Ele então solicitou à empresa a concessão da licença-paternidade para acompanhar o nascimento, o que lhe foi concedido pelo prazo de cinco dias, conforme previsto na legislação aplicável. Porém, em virtude da distância e para prestar maior assistência à esposa, solicitou, no dia 28/09/2021, dois dias após o parto, a prorrogação do benefício.

Diante do indeferimento do pedido, o enfermeiro relatou que precisou voltar de carro às pressas de Salvador para Belo Horizonte. Ele acrescenta que a empregadora desconsiderou por completo o ofício enviado pela chefia e indeferiu o pedido sob o argumento de que não teria sido observado o prazo legal de dois dias após o parto.

Trabalhador tem direito de convivência e assistência à família, entendeu relator

Em seu recurso, a empregadora alegou que não estão presentes, no caso, os pressupostos da responsabilidade civil.

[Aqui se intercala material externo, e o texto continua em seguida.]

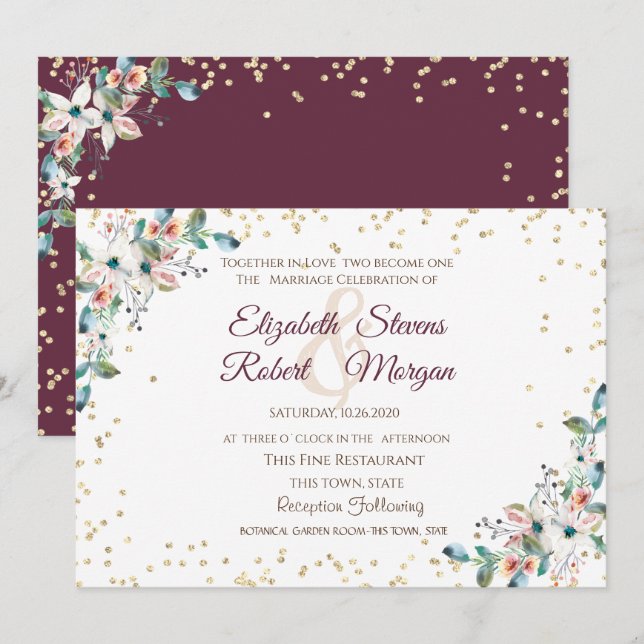 Invitación Boda de flores borgoña diamantes de oro (Anverso / Reverso)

No entanto, ao proferir o voto condutor da decisão de segundo grau, o desembargador relator Marcelo Lamego Pertence deu razão ao servidor.

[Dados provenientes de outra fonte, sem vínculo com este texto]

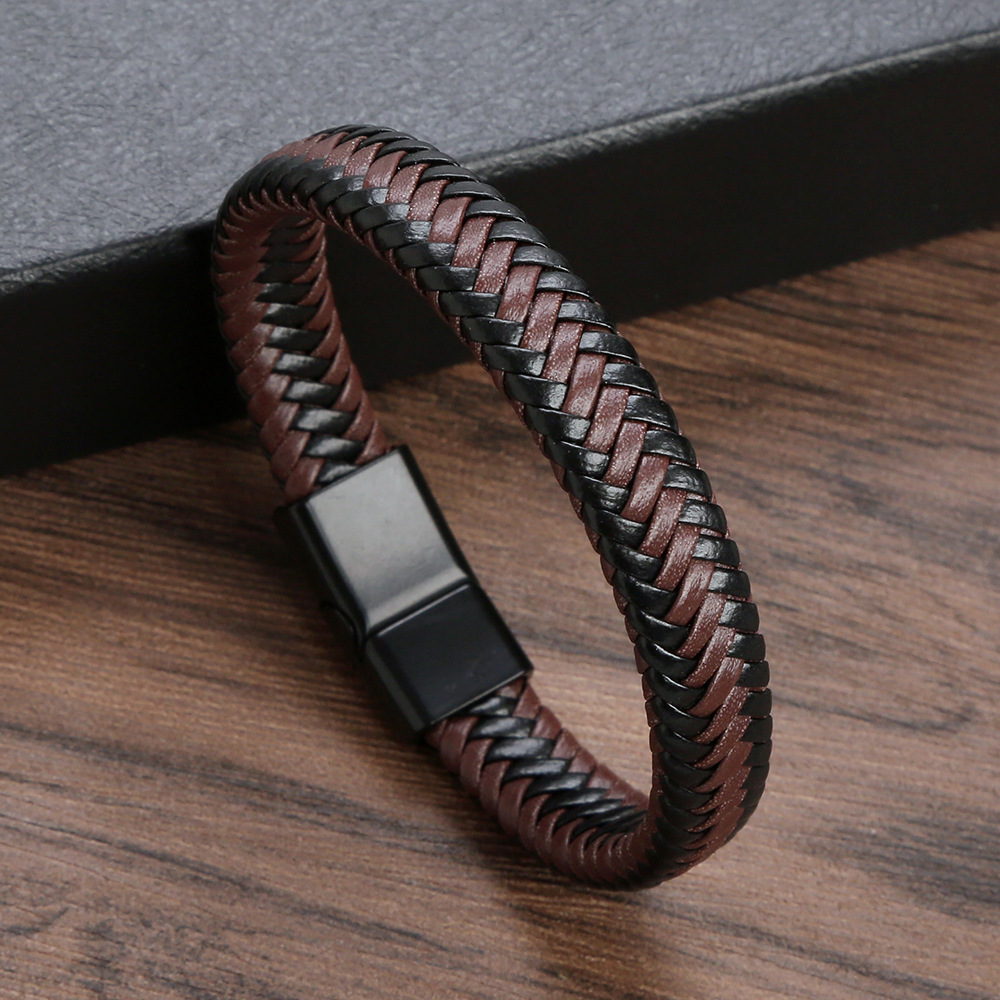 TEMU 1 Pulsera de cuero tejido negro y marrón, estilo retro europeo y americano, hebilla magnética, cuerda de de cuero de vaca para hombre, forma de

Para ele, a empresa retirou o direito do trabalhador de convívio e assistência à filha recém-nascida e à esposa, durante o período de licença-paternidade legalmente garantido.

Segundo o magistrado, o caso concreto ainda apresenta a peculiaridade de que o enfermeiro presta serviço em Belo Horizonte, enquanto a esposa reside em Salvador, o que prejudica ainda mais a redução do período concedido para convivência e suporte à família.

“A conduta ilícita da empregadora, segundo essa perspectiva, acarretou transtornos que transcendem a órbita patrimonial, ao privar o autor do exercício de direito fundamental, inerente à dignidade do ser humano, além de ofender valores assegurados constitucionalmente de prioritária e integral proteção à criança e à família”, ressaltou o desembargador.